An exact copy is all that is wanted: the lines from the one with "Guys, with these" through the end of the listing below, both included, minus any pictures.

★ ★ ★ ★

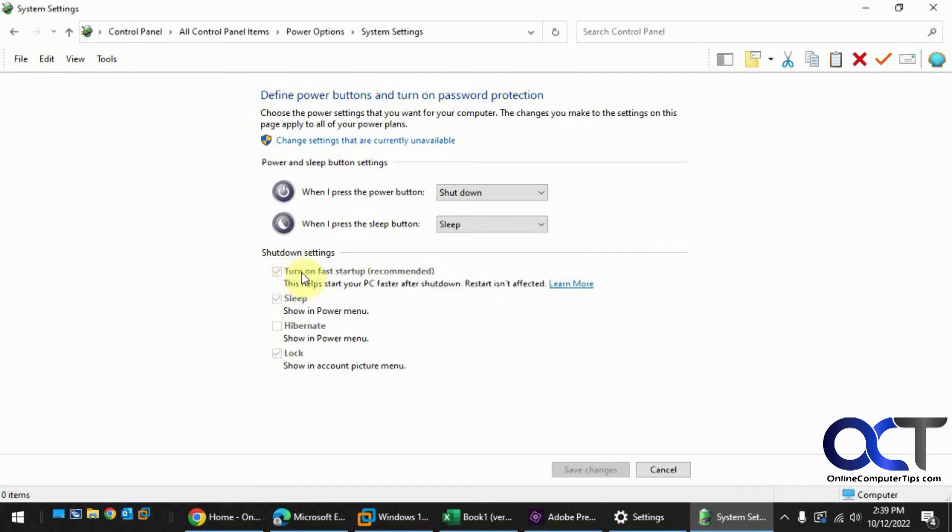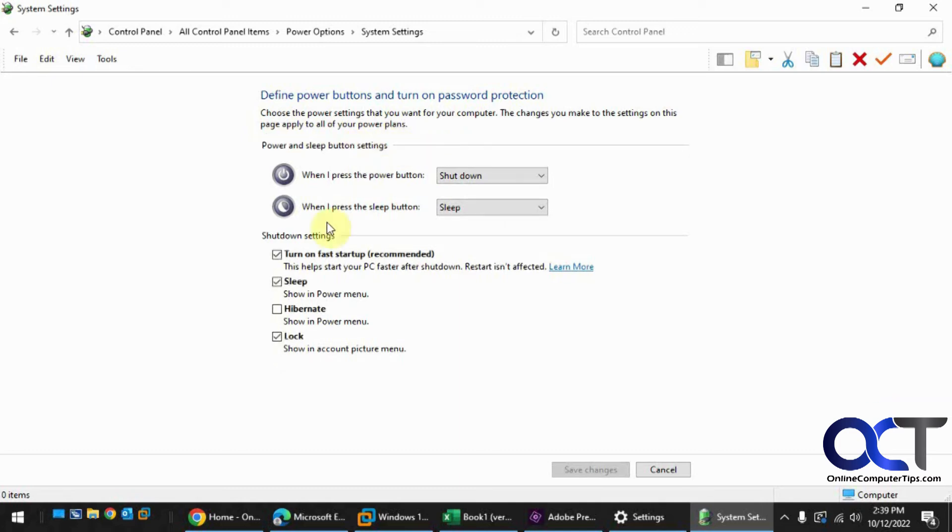And then you'll have this option here to turn on Fast Startup. But you notice it's grayed out, so what you have to do is change settings that are currently unavailable. And then you can uncheck that and save the changes.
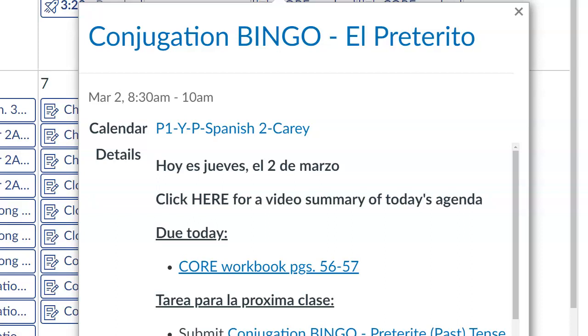Hola muchachos, que tal, buenos dias. Here is the schedule for today, Thursday, March 2nd.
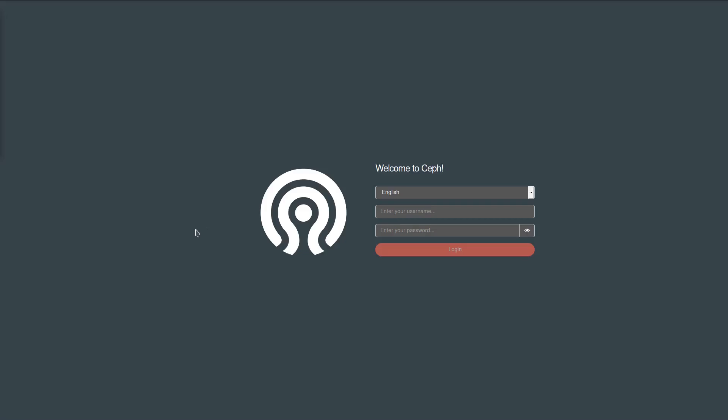Hello and welcome everyone. My name is Lens Grimmer. I'm a member of the Ceph Manager dashboard team, and in this short video I would like to give you a quick update and overview of the Ceph Manager dashboard in its current form as we are heading for the Ceph Nautilus release.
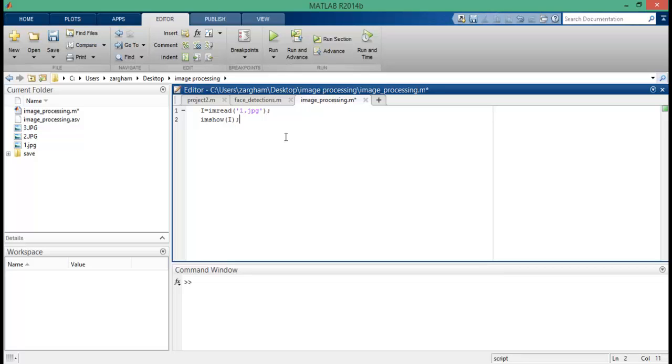Guys, with these two lines of code we have successfully read the image. Now to convert the image into grayscale...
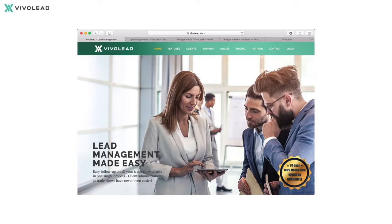Besides this video you will also get intensive help online at VivoLit.com where you will find a number of resources like detailed descriptions and video tutorials. To use the online resources, go to the support section on VivoLit.com at the top menu. In here you will find extensive help on how to set up VivoLit, both the mobile app as well as the web interface.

★ ★ ★ ★

** ANSWER **
Guys, with these two lines of code we have successfully read the image. Now to convert the image into grayscale...
Besides this video you will also get intensive help online at VivoLit.com where you will find a number of resources like detailed descriptions and video tutorials. To use the online resources, go to the support section on VivoLit.com at the top menu. In here you will find extensive help on how to set up VivoLit, both the mobile app as well as the web interface.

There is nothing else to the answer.